In [1]:
import torch
from collections import Counter
from torch import nn, optim
from torch.utils.data import DataLoader
import numpy as np

In [2]:
BATCH_SIZE = 3000
MAX_EPOCHS = 2000
SEQUENCE_LENGTH = 5

In [3]:
text = """
Nepal officially the Federal Democratic Republic of Nepal, is a landlocked country in South Asia. It is mainly situated in the Himalayas, but also includes parts of the Indo-Gangetic Plain. It borders the Tibet Autonomous Region of China to the north, and India to the south, east, and west, while it is narrowly separated from Bangladesh by the Siliguri Corridor, and from Bhutan by the Indian state of Sikkim. Nepal has a diverse geography, including fertile plains, subalpine forested hills, and eight of the world's ten tallest mountains, including Mount Everest, the highest point on Earth. Kathmandu is the nation's capital and the largest city. Nepal is a multi-ethnic, multi-lingual, multi-religious and multi-cultural state, with Nepali as the official language.
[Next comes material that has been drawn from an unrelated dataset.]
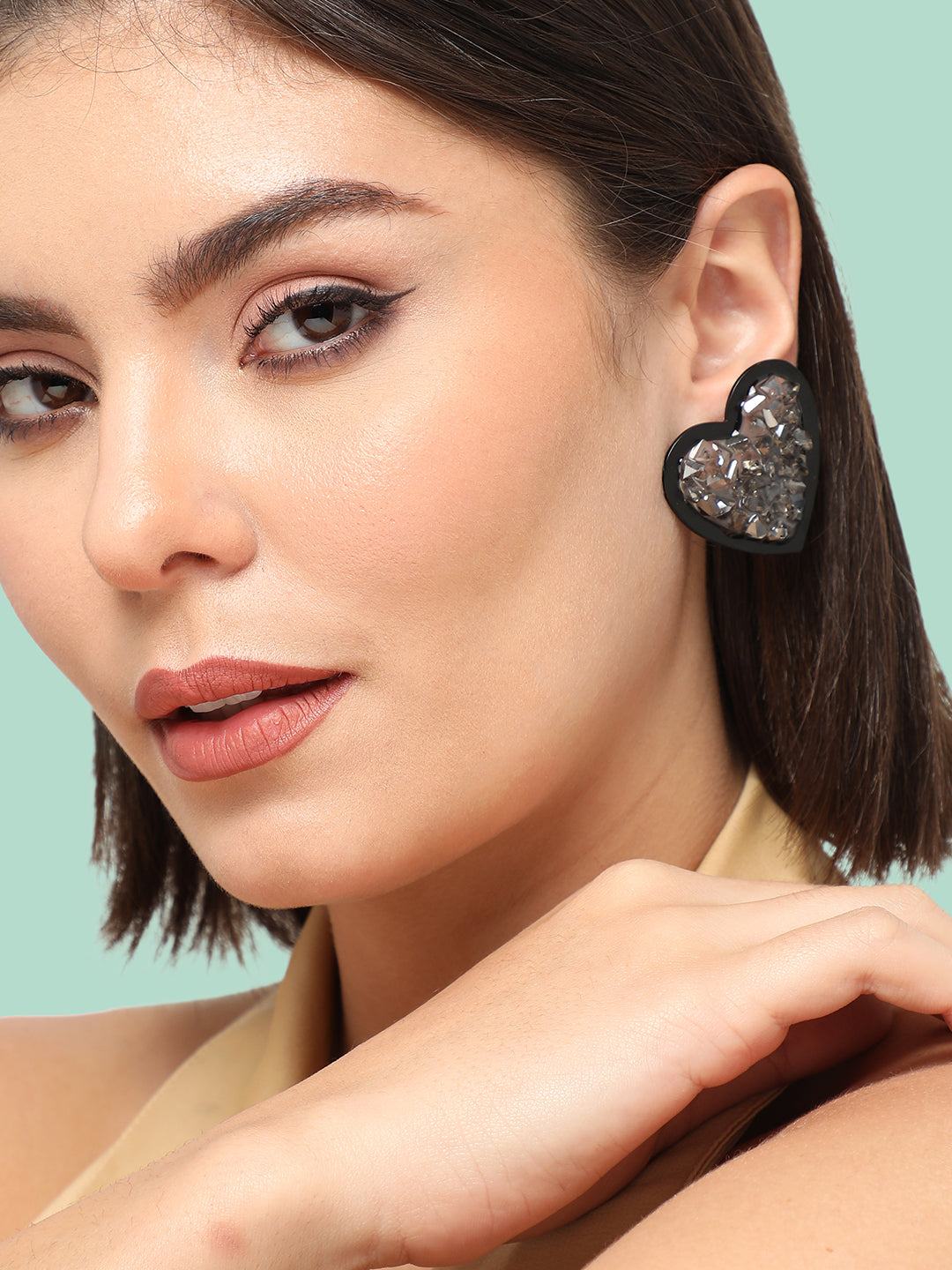 GOLD PLATED PARTY DESIGNER STONE STUD FOR WOMEN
The name "Nepal" is first recorded in texts from the Vedic period of the Indian subcontinent, the era in ancient Nepal when Hinduism was founded, the predominant religion of the country. In the middle of the first millennium BC, Gautama Buddha, the founder of Buddhism, was born in Lumbini in southern Nepal. Parts of northern Nepal were intertwined with the culture of Tibet. The centrally located Kathmandu Valley is intertwined with the culture of Indo-Aryans, and was the seat of the prosperous Newar confederacy known as Nepal Mandala. The Himalayan branch of the ancient Silk Road was dominated by the valley's traders. The cosmopolitan region developed distinct traditional art and architecture. By the 18th century, the Gorkha Kingdom achieved the unification of Nepal. The Shah dynasty established the Kingdom of Nepal and later formed an alliance with the British Empire, under its Rana dynasty of premiers. The country was never colonised but served as a buffer state between Imperial China and British India. Parliamentary democracy was introduced in 1951 but was twice suspended by Nepalese monarchs, in 1960 and 2005. The Nepalese Civil War in the 1990s and early 2000s resulted in the establishment of a secular republic in 2008, ending the world's last Hindu monarchy.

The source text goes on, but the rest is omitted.